Predicting Patients at Risk of Becoming Hospital Super-Utilizers
Programs designed to intervene with hospital super-utilizers to reduce costs and improve outcomes commonly rely on predictive models to identify patients at highest risk of excess future hospital utilization, target scarce interventional resources and provide supplemental clinical and social decision support.
Super-utilizers typically have a variety of clinical, social and behavioral complexities that add extreme difficulty in the design of interventions designed to reduce their ED utilization. Successful interventions have focused on pain management, mental illness and substance abuse among patients by investing in integrated care delivery models that provide medical, social and mental health supports.

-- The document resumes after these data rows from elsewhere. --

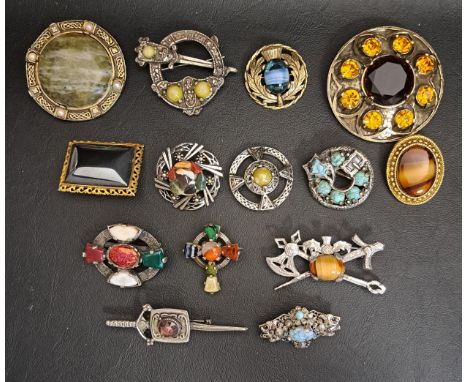 SELECTION OF FOURTEEN VINTAGE BROOCHESof various sizes and designs, including various stone set examples, makers include Mira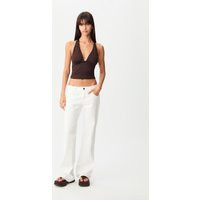 Stradivarius Gathered halter top Brown S | Stradivarius (UK)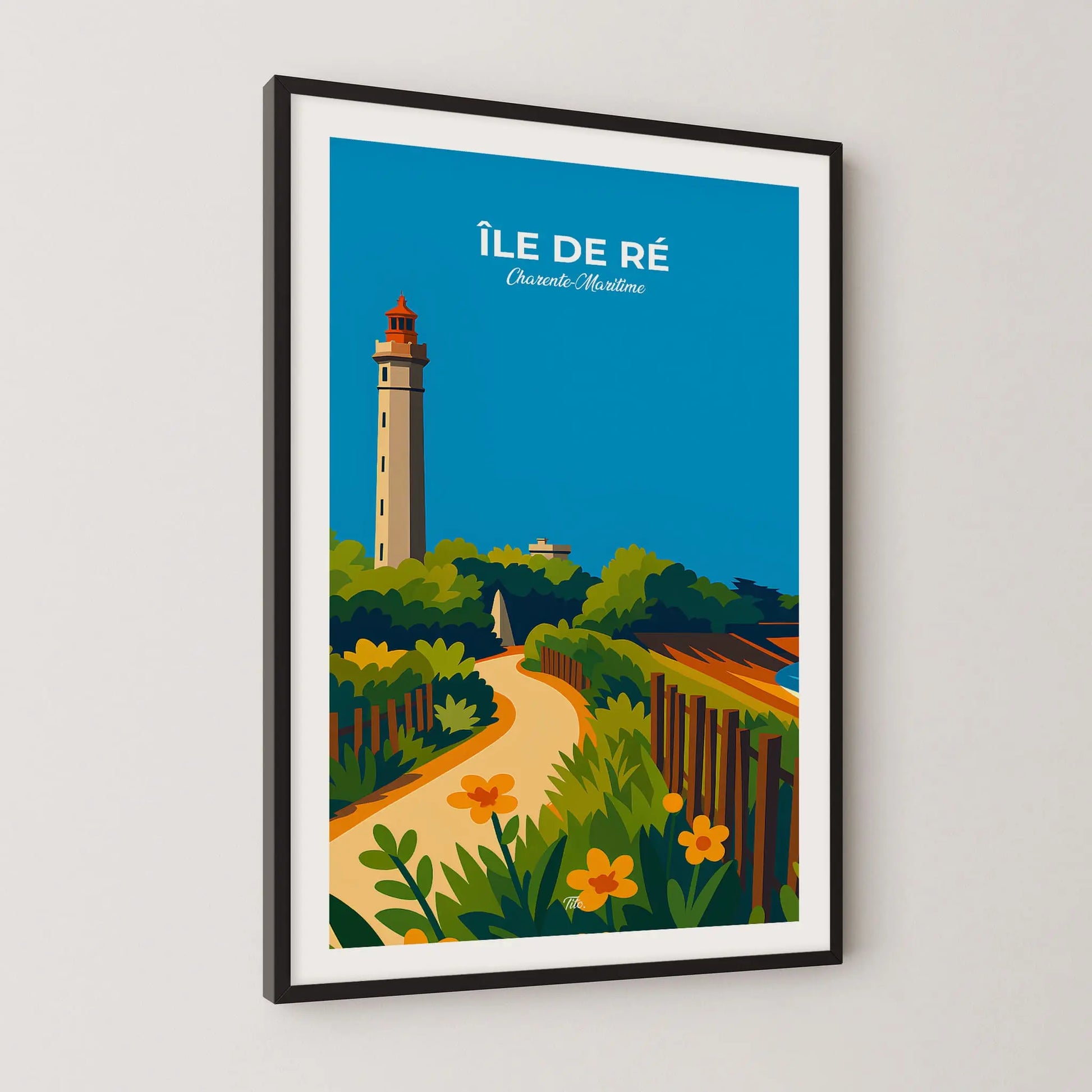 Affiche Île de Ré - Poster vintage, impression artistique murale
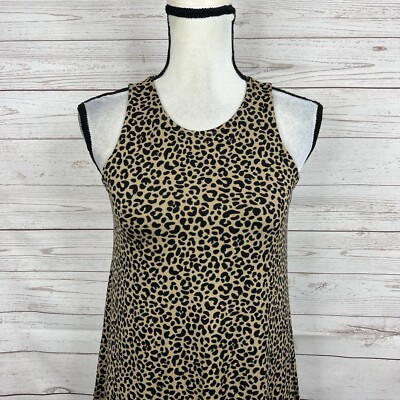 old navy sleeveless jersey dress Old Navy Sleeveless Jersey Knit Tank Swing Dress Size XS Tan Black Animal  Print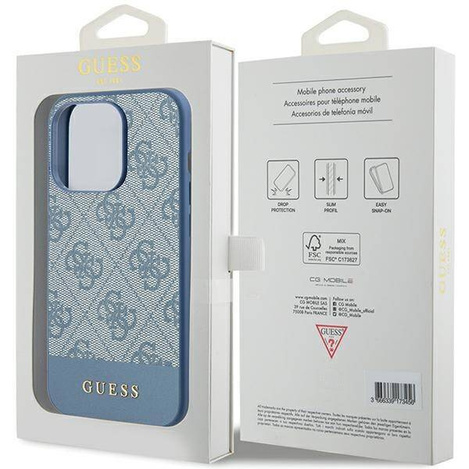 Original Handyhülle APPLE IPHONE 15 PRO Guess Hardcase 4G Stripe Collection (GUHCP15LG4GLBL) blau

Hospital Super-Utilizers and Transitions of Care
The disproportionate concentration of health care consumption and expenditures among a small portion of the population is a well-documented facet of the health system in the U.S. The top 1 percent of the population consistently consumes more than one-fifth of health care resources, the top 5 percent account for half of all spending and half of the population accounts for 97 percent of health care utilization and expenditures.
Because of new paradigms in accountable care and population health management, one particular segment of high-cost patients — hospital “super-utilizers”— has been the focus of emerging models of patient-centered care delivery that concentrate on both medical and socioeconomic conditions. The foundational elements of these models include robust data analysis and patient-centered transitions of care from the hospital to patients’ communities.